▸ DIRECTIONS FOR THIS TASK: Copy out the lines beginning at the one with "Zbiórka Na wstawienie" and ending at the last line of the data, both included; pictures stay out.

▸ DATA BLOCK:
=-=-=

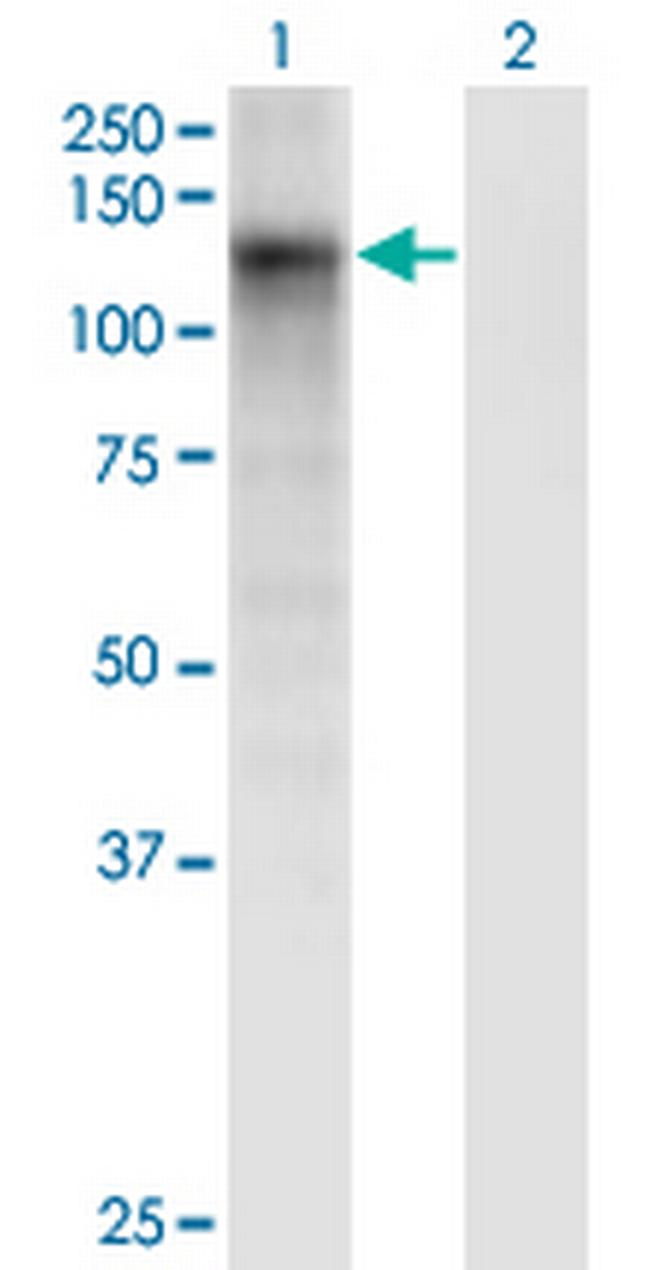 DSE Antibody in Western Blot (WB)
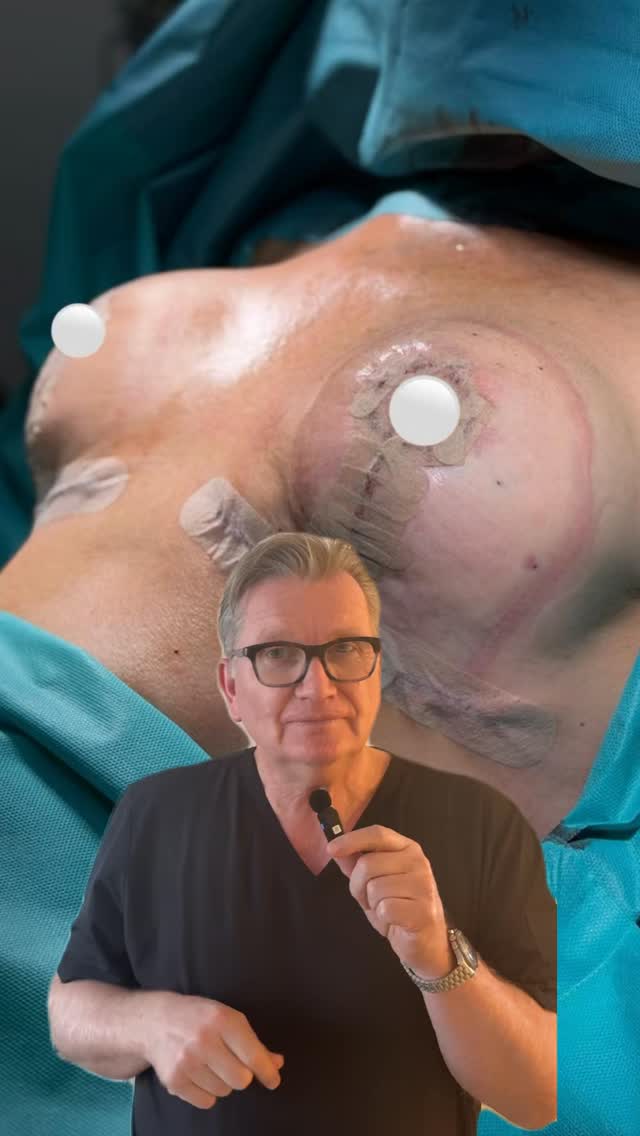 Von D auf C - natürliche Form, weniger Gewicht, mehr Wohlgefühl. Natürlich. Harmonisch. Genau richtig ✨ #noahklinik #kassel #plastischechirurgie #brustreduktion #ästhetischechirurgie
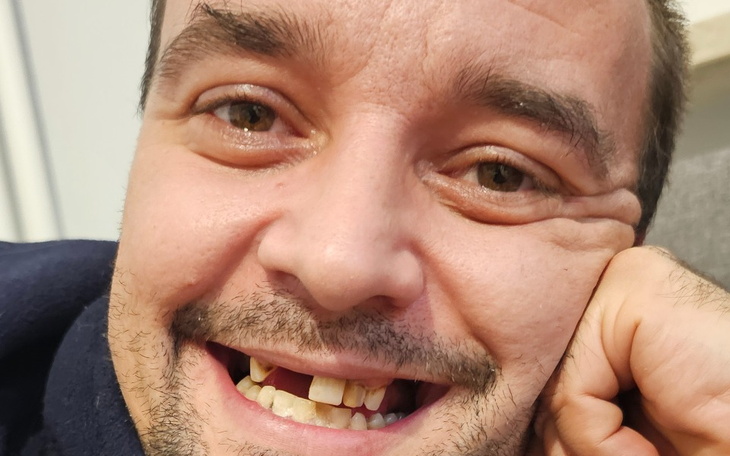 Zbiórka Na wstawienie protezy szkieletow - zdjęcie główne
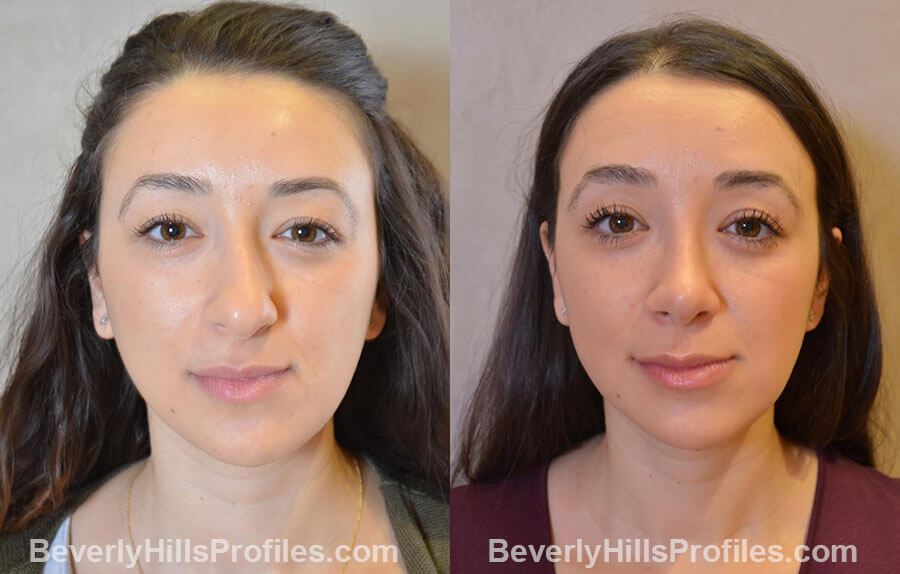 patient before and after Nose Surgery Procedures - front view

=-=-=

▸ OUTPUT FOR THIS EXERCISE:
 Zbiórka Na wstawienie protezy szkieletow - zdjęcie główne
 patient before and after Nose Surgery Procedures - front view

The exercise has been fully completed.